All things catch up eventually. If I’ve learned anything in my life, I’ve learned that. I can feel it coming like storm clouds on the horizon, like the pressure drop before lightning strikes. All this running, all this careful distance, all these patterns we've built—they're just delaying the inevitable.

***

My storm arrives on an unremarkable day, in a town I don’t remember the name of, two thirds of the way to California. We’re not far south of Idaho.

Dawn creeps under the nth motel room's heavy curtains like an unwanted guest, painting everything in shades of gray and uncertainty. I'm already awake, hunched over the toilet for the third time this morning, trying to convince myself it's just stress. Just anger. Just the universe's way of punishing me for letting Marcus back into my bed, into my heart, into places I swore he'd never touch again.

Nausea comes in waves, each one stronger than the last. My hands shake as I grip the porcelain, its chill seeping into my palms like a truth I can't avoid. Behind me, through the bathroom's paper-thin walls, I hear Marcus's steady breathing—still deep in sleep, unaware that my world is tilting on its axis.

No,I think desperately, even as my mind starts counting days, weeks, moments. No, no, no.

But my wolf knows. Has known, maybe, since that first night in the motel two weeks ago. Since Marcus pressed me against the wall and five years of denial crumbled like sand castles in the tide.

My hand drifts unconsciously to my stomach, and the gesture feels like surrender.

But I need to be sure.

The convenience store across from the motel looks abandoned in the early morning light, its windows reflecting a sky that can't decide if it wants to rain. The bell above the door chimes too loudly as I enter, making me flinch. The teenage clerk barely glances up from his phone as I wander the aisles, trying to look casual while my heart threatens to burst from my chest.

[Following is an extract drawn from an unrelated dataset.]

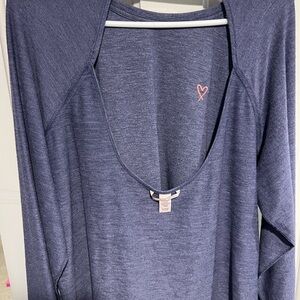 Blue Long Sleeve Top with Heart Detail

Three different tests, because I need to be certain. The plastic bags crinkle accusingly as the clerk rings them up, his bored expression suggesting he's seen this dance before—terrified women buying pregnancy tests at dawn, their hands shaking as they count out cash. I wonder how many of them were shifters. How many were running from something. How many felt like their worlds were ending and beginning in the same breath.

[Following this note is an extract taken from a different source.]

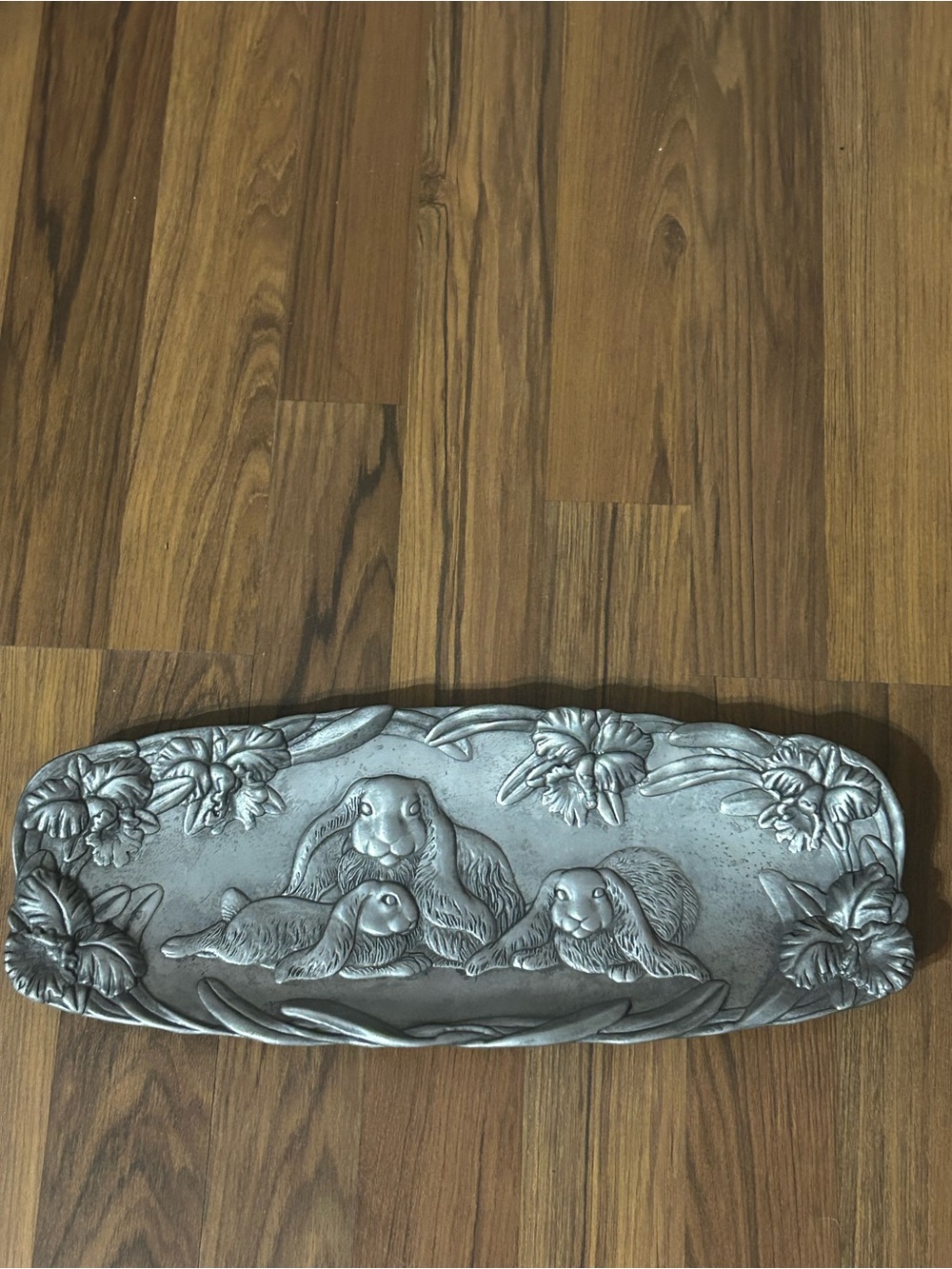 Vintage Arthur Court Bunny Tray Three Rabbit Bunny Aluminum Serving Platter 1994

Back in the motel bathroom, I line the tests up on the counter like evidence at a crime scene. Each one feels like a confession, like a secret I'm not ready to keep. The instructions blur through tears I refuse to acknowledge:

Wait three minutes.

Pink line positive.

Results accurate up to 99%.

Time stretches endlessly as I wait, each second an eternity. Through the wall, I hear Marcus shift in his sleep, a soft sound that makes my chest ache.

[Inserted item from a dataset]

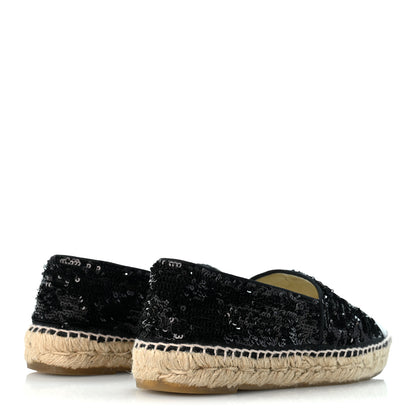Chanel Patent Sequin CC Espadrilles 38 Black 5 of 10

What would he do if he knew? Run again, like last time? Push me away "for my own good" like he always does?

Or would this be different? Would this finally be enough to make him tell me the truth about why he left, about what Kane really wants, about all the secrets he keeps wrapped around himself like armor?

My phone buzzes—a text from Rafael that nearly breaks me:

Still alive out there, Cam? Starting to forget what your voice sounds like.

I stare at the message until the screen darkens, words crowding in my throat. How do I tell my brother that his stupid, reckless sister let herself fall back into bed with the man who broke her heart? That I'm carrying a child whose father might walk away again without explanation? That I'm terrified and alone and desperately pretending I'm strong enough to handle this?

The timer on my phone chirps softly. Three minutes up. Time to face the truth.

Positive. All three tests, lined up like witnesses to my own foolishness. The pink lines seem to glow in the harsh bathroom light, accusatory and final.